Reading Recommendation
| Reader Profile | Recommendation | |---|---| | Finance professionals | Essential reading — provides context for the industry's evolution and the debates that shaped it | | Policy makers | Important — Mallaby's pro-hedge fund argument should be engaged with, even if rejected | | Investors and allocators | Valuable historical perspective for understanding fund strategies and manager backgrounds | | General readers | Excellent narrative history — accessible and rewarding for non-specialists |
Summary Sufficiency
Accuracy: 9/10 — The facts are well-sourced and consistent with other accounts. Completeness: 8/10 — Captures the major episodes and figures; misses some regulatory nuance and statistical depth.
narration
Writing Style & Voice
Mallaby writes in the tradition of high-end financial journalism — clear, confident, and slightly patrician. His sentences are well-constructed but not flashy. He favors the active voice and concrete details: "Soros sat in his London office, watching the ticker, calculating the next move." The prose is efficient rather than poetic, but it has a quiet authority that comes from deep reporting. The tone is sympathetic to his subjects but not sycophantic; Mallaby clearly admires hedge fund managers but maintains enough distance to critique their failures.
Narrative Structure
The book is organized chronologically in four parts, each corresponding to a distinct era in hedge fund evolution. Within each part, chapters alternate between broad industry developments and focused profiles of key individuals. This structure works well: the character studies provide human interest, and the institutional analysis provides intellectual weight. The narrative arc builds toward the 2008 crisis, which Mallaby frames as the vindication (qualified) of his thesis.
Rhetorical Techniques
Mallaby's key rhetorical device is the well-placed counterintuitive claim. "Hedge funds are safer than banks" appears early and is reinforced throughout. He uses the anecdotal set-piece — the LTCM bailout meeting, Soros's phone call to Druckenmiller — to make abstract ideas concrete. He also employs what might be called the "inversion of common wisdom": where most commentators see danger (short selling, leverage), Mallaby sees discipline. This gives the book an argumentative edge that keeps the reader engaged.

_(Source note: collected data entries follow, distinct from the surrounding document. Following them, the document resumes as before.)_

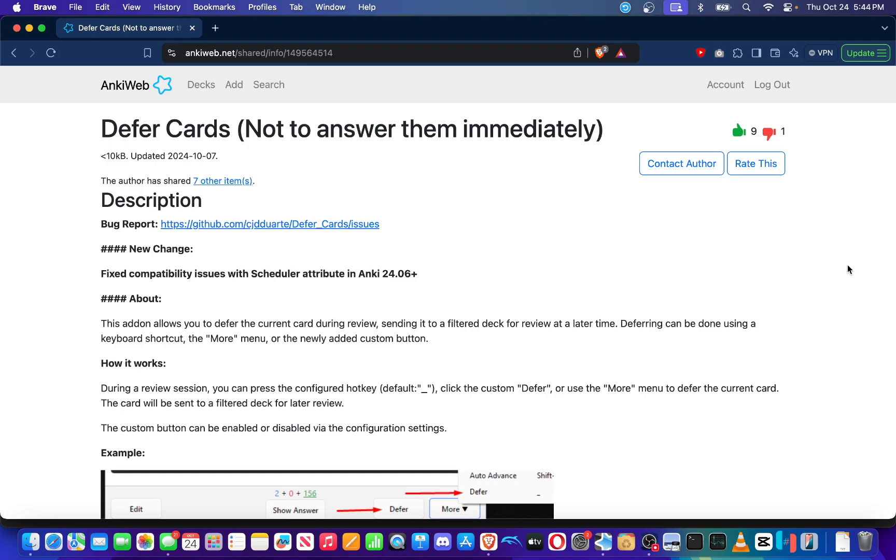Hey guys, how's it going? This is FixerMed and welcome back to another one of my Anki add-on videos. In today's video, I'd like to discuss a new add-on called Defer Cards.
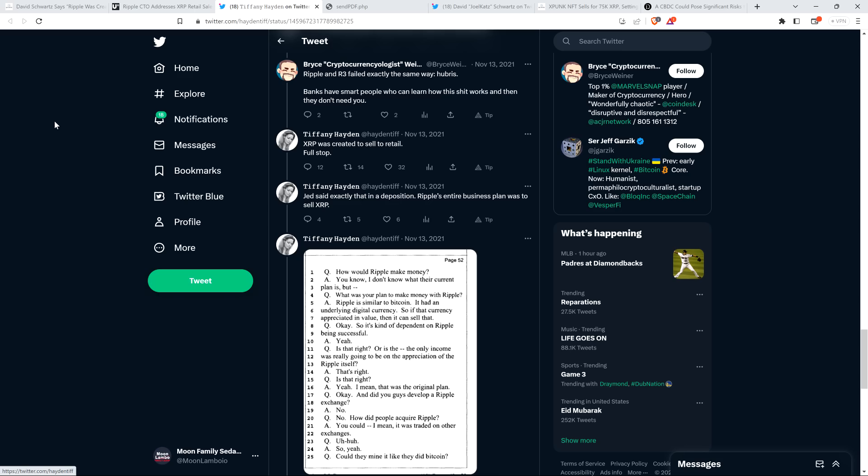This has never been a secret. Tiffany Hayden wrote in a separate tweet, referencing Jed McCaleb, one of the creators of XRP, a guy that came up with the idea for XRP. Tiffany Hayden said, Jed said exactly that in a deposition. Ripple's entire business plan was to sell XRP. Okay, so that was part of Ripple's plan to sell XRP. That part is true. But the idea of XRP being created to sell to retail, that part is not true. You'd have to provide evidence to persuade me that that is true.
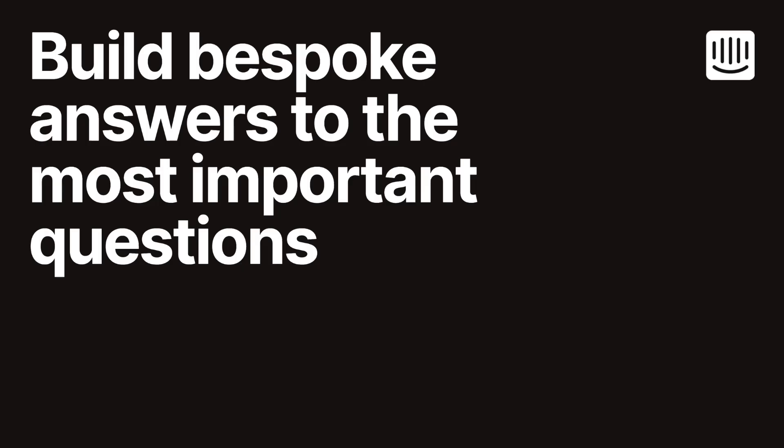Hi and welcome to this video showcasing Intercom's custom answers. I'm Mariam and today I will guide you through how you can harness the power of custom answers to provide tailored and accurate responses to your customers.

Readability & Accessibility
The book is accessible to a general reader with basic financial literacy. Mallaby explains concepts like short selling, leverage, and derivatives clearly without talking down to the reader. The financial terminology is introduced naturally within the narrative. The main challenge for non-specialists is the sheer number of characters and funds — keeping track of who's who requires attention. A general reader should expect to spend about 12-15 hours with the full book.
Comparative Context
In the hedge fund literature, Mallaby is closest in style to Roger Lowenstein — both are financial journalists who tell stories with policy implications. But where Lowenstein writes with barely concealed moral outrage, Mallaby writes with measured sympathy. Compared to Jack Schwager's interview-based Market Wizards series, Mallaby's book is more analytical and less practical. It lacks the how-to-trade advice of the Schwager books but provides something more valuable: context.